Skip the pictures and repeat each line of the data exactly.

Top of Input data

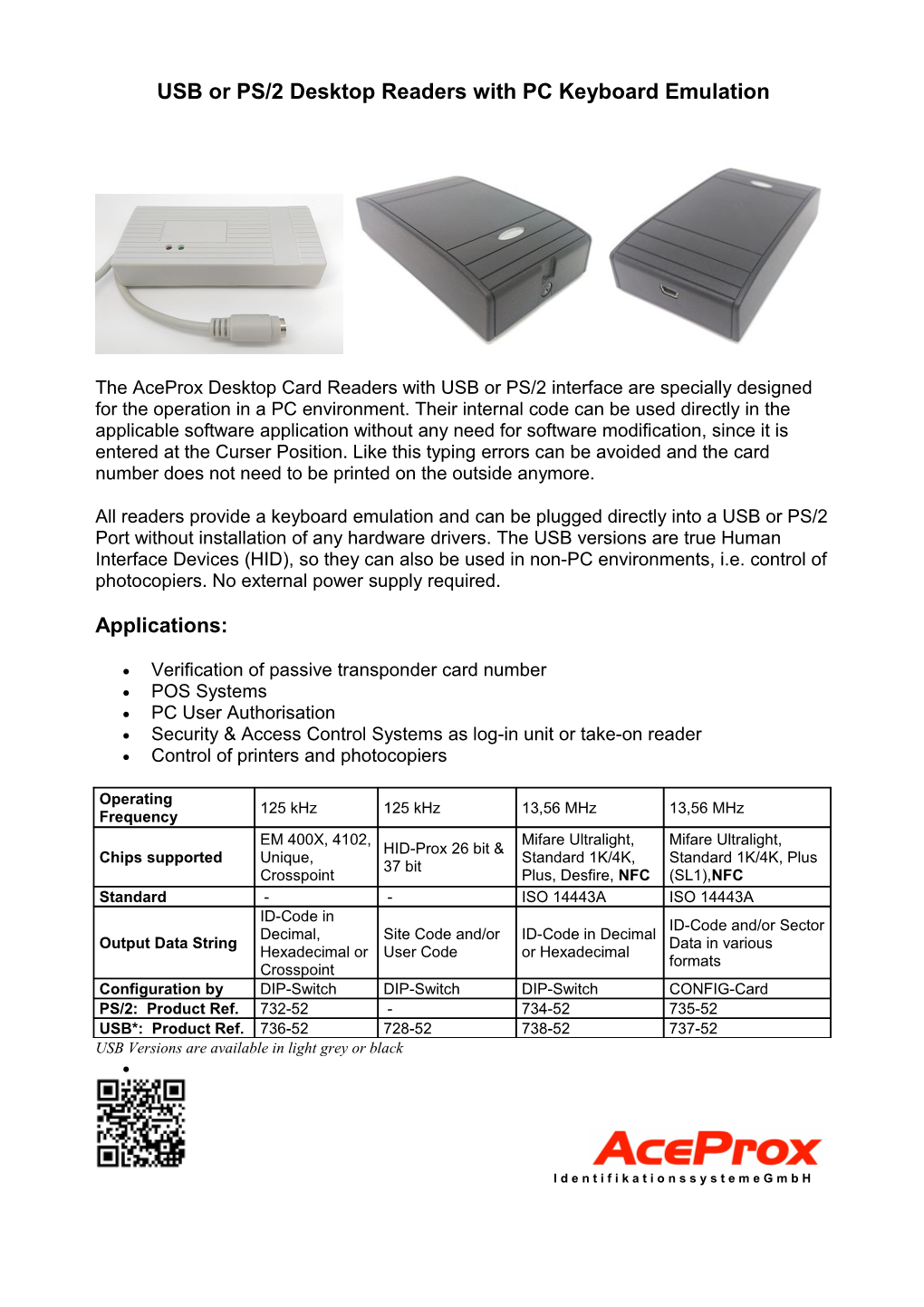 USB Or PS/2 Desktop Readers with PC Keyboard Emulation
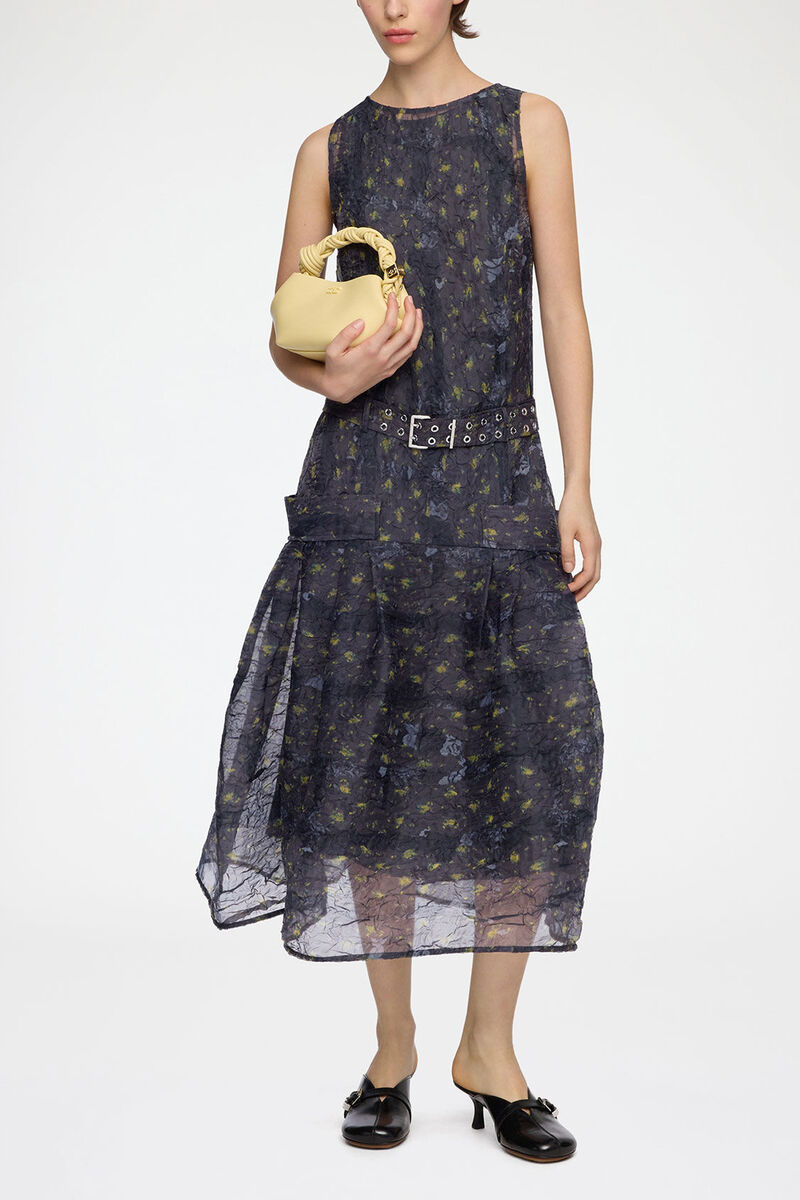 Dress in Shibori Organza, Recycled Polyester, in colour Black Sand - 1 - GANNI
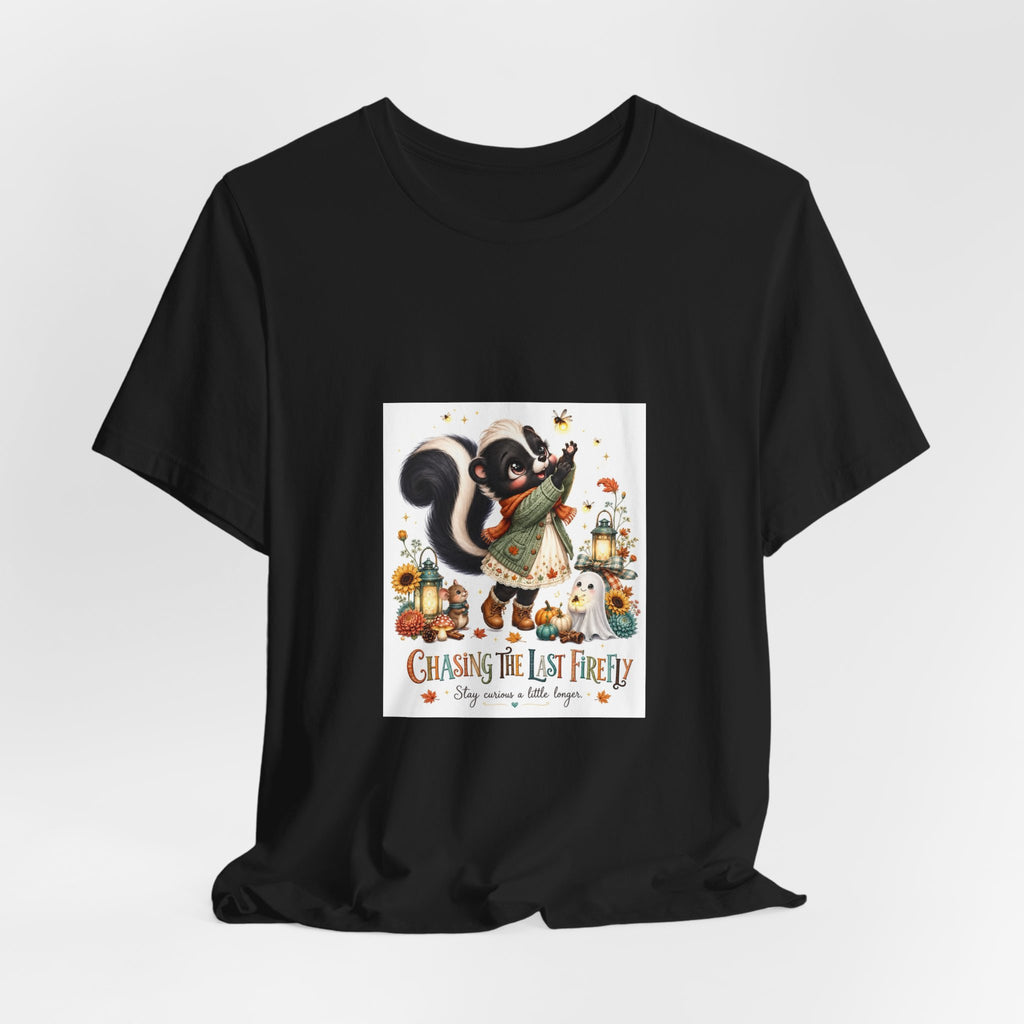 Skunk & Pumpkins Fall Tee — “Chasing the Last Firefly” Cute Autumn Graphic Shirt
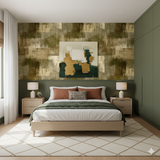 Mossfield Canvas Wallpaper in neutral tones, featuring an abstract pattern and textured finish.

Bottom of Input data

Completed task -
 USB Or PS/2 Desktop Readers with PC Keyboard Emulation
 Dress in Shibori Organza, Recycled Polyester, in colour Black Sand - 1 - GANNI
 Skunk & Pumpkins Fall Tee — “Chasing the Last Firefly” Cute Autumn Graphic Shirt
 Mossfield Canvas Wallpaper in neutral tones, featuring an abstract pattern and textured finish.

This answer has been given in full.